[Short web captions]
┌──
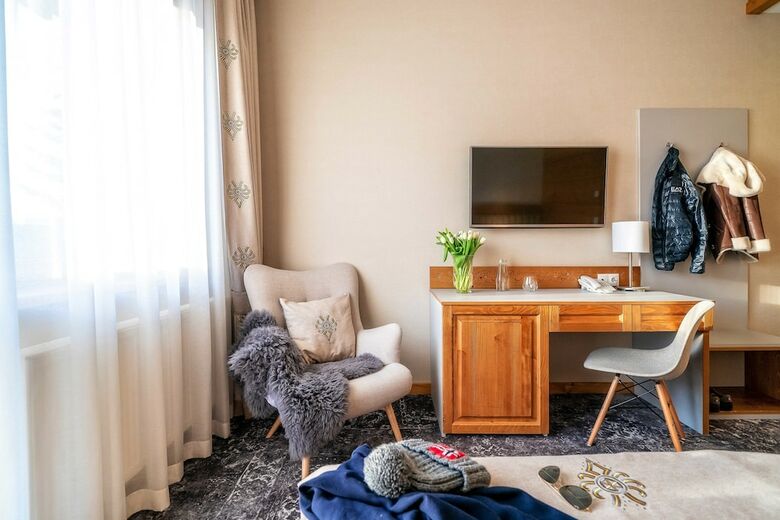Gold Hotel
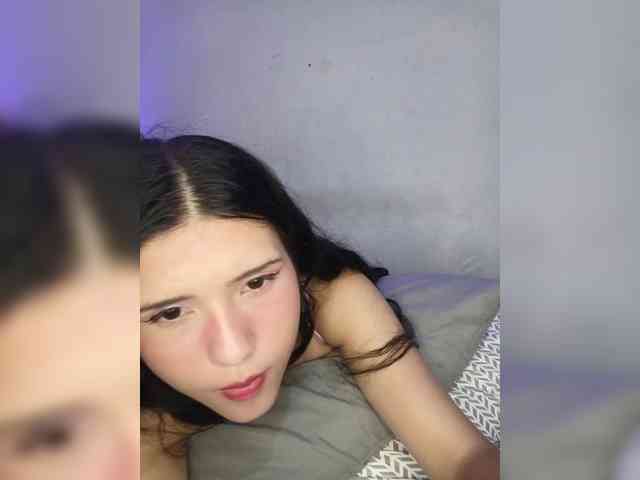 Kitty-midnight webcam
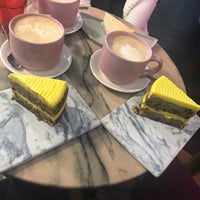 9/23/2018 tarihinde Anastasija R.ziyaretçi tarafından Coffee Room'de çekilen fotoğraf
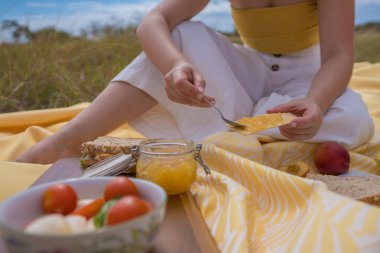 Sarı renkli bir piknik günü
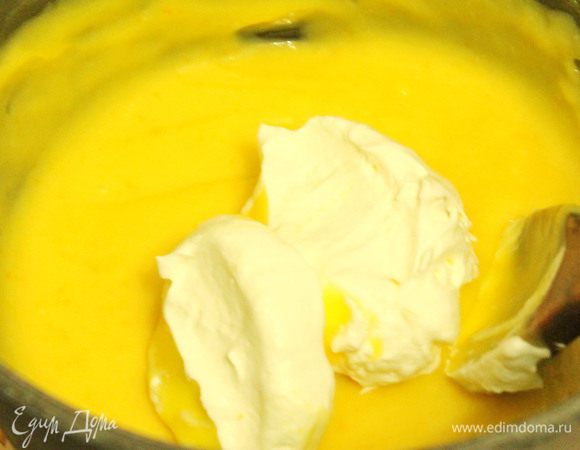 Сливки взбить до устойчивых пиков и вместе с цедрой аккуратно подмешать к остывшему крему. 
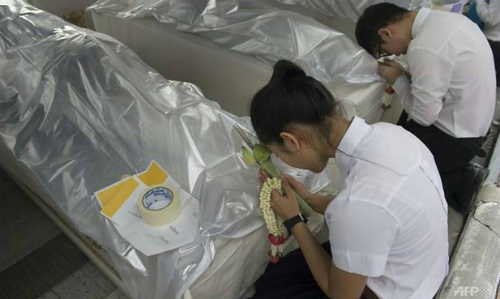 sinh vien y khoa thai lan cui dau truoc cac thi the hien tang
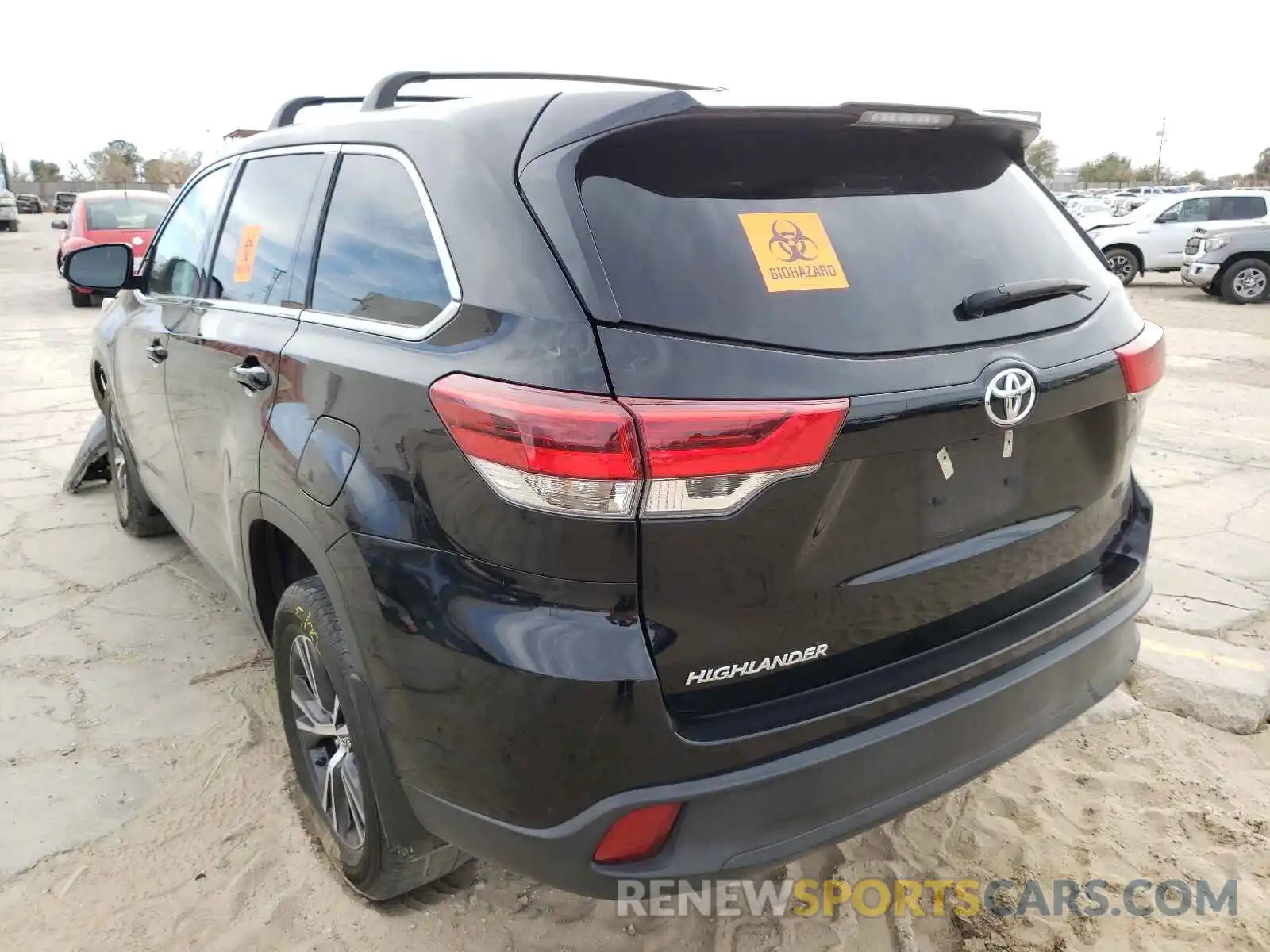 3 Photograph of a damaged car 5TDZARFH2KS047777 TOYOTA HIGHLANDER 2019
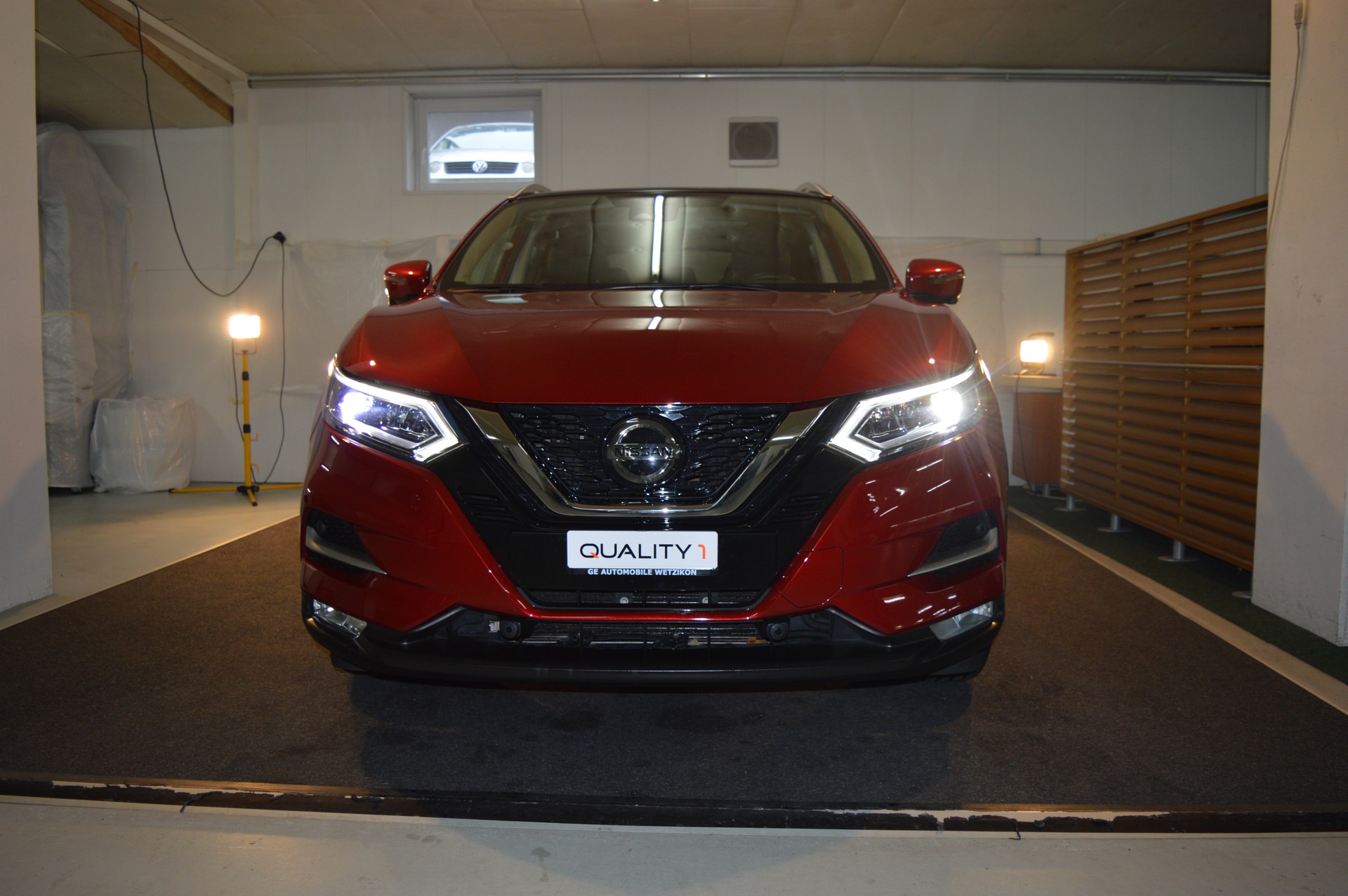 NISSAN Qashqai 1.7 dCi Tekna 4x4 Xtronic ALL-MODE 4x4-showroom-element-1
└──
__Problem requirements__. Could you give all the records again, exactly, minus the pictures?

__Response below__.
Gold Hotel
 Kitty-midnight webcam
 9/23/2018 tarihinde Anastasija R.ziyaretçi tarafından Coffee Room'de çekilen fotoğraf
 Sarı renkli bir piknik günü
 Сливки взбить до устойчивых пиков и вместе с цедрой аккуратно подмешать к остывшему крему. 
 sinh vien y khoa thai lan cui dau truoc cac thi the hien tang
 3 Photograph of a damaged car 5TDZARFH2KS047777 TOYOTA HIGHLANDER 2019
 NISSAN Qashqai 1.7 dCi Tekna 4x4 Xtronic ALL-MODE 4x4-showroom-element-1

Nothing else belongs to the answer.